More South African SF

Following on from his article in Vector 247, Nick Wood has been continuing his search for South African SF:

But it is also clear that the language of science (fiction) does not necessarily hold sway in South Africa. This is not to say that it is a primitive place, pre-scientific in understanding and experience – these are colonial notions based on beliefs of Western civilisation as a teleological end-point for socio-cultural development. There are a multitude of discourses operating in South Africa, as befits the diverse (and sometimes fractured) nature of experiences and cultural contexts, which underpins the diversity of the country’s human resources.

EDIT: Judith Berman also has some discussion of her article “Bears, Bombs and Popcorn“, here and here.

The Point Of It All (Reprise)

John Sutherland argues for fiction that can teach us things in the Guardian (via), including sf:

It is unfashionable to assert it, but the novel does, I believe, still have a socio-educational value. It is not just Miss Manners. Fiction can make us better, or at least, better informed citizens. In a technological age, for example, it is important that the population should know something about the machinery that makes modern life possible and how it works. Science fiction has done as much for the factual scientific education of the average reader as all the educational reforms introduced since CP Snow’s 1959 polemic The Two Cultures lamented his fellow Britons’ epidemic ignorance of the second law of thermodynamics. The fact, revealed in a survey by the magazine Wired in November 2005, that 40 per cent of Americans believe that aliens are in the habit of routinely visiting our planet and taking away sample earthlings for full body cavity probes, suggests that sf may also have a lot to answer for in dumbing down the citizenry.

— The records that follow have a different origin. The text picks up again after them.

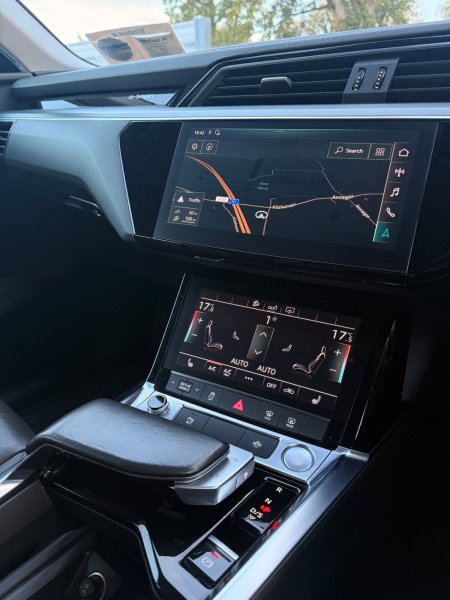 2020 Audi e-tron - photo 38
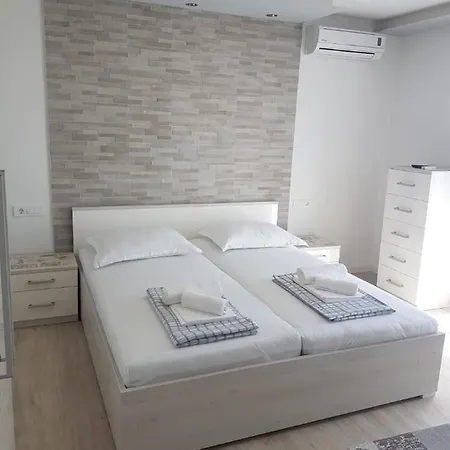 Apartmani Anita Makarska Extérieur photo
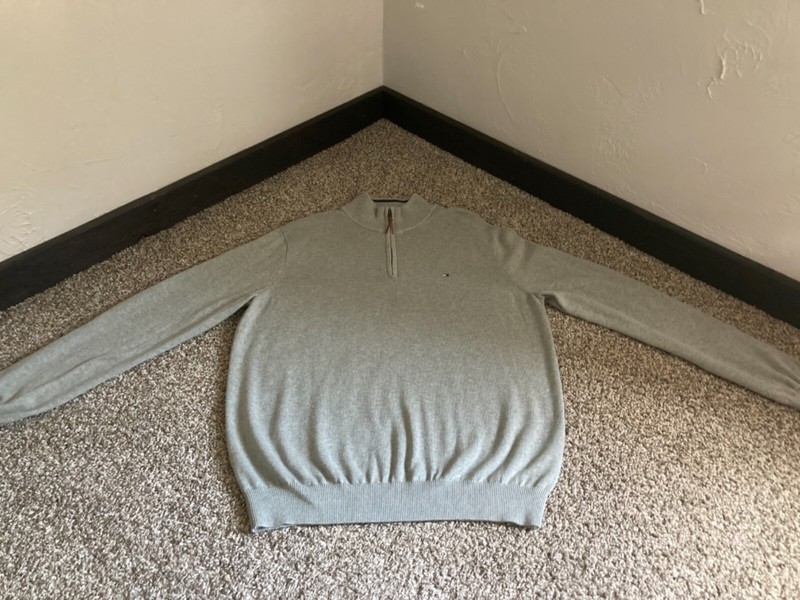 Men's Grey Tommy Hilfiger Size XL 1/4 Zip Pullover Sweater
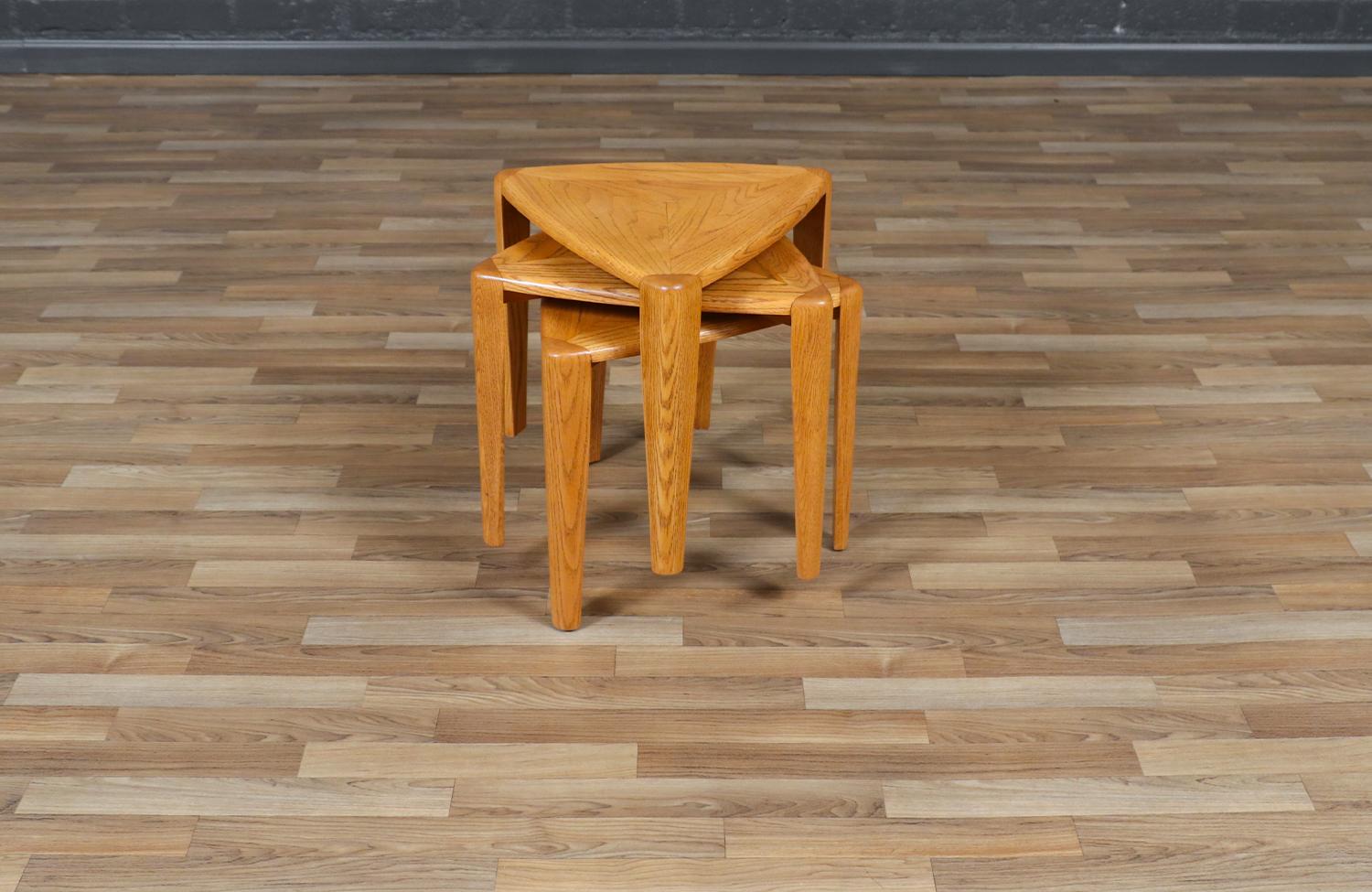 Expertly Restored - Mid-Century Modern Triangular Oak Tri-Leg Side Tables For Sale 1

This is also a post to say that my blogging frequency is likely to be somewhat reduced this month. I’ll be around, but I have some things I need to get written, the looming prospect of two weeks that are likely to be extremely work-heavy, and I really need to knuckle down on the Clarke reading front. When I get my life back: Spin. Or Twenty Epics. Or possibly the forever-delayed post on why “Magic for Beginners” is so wonderful. Bet you can’t wait.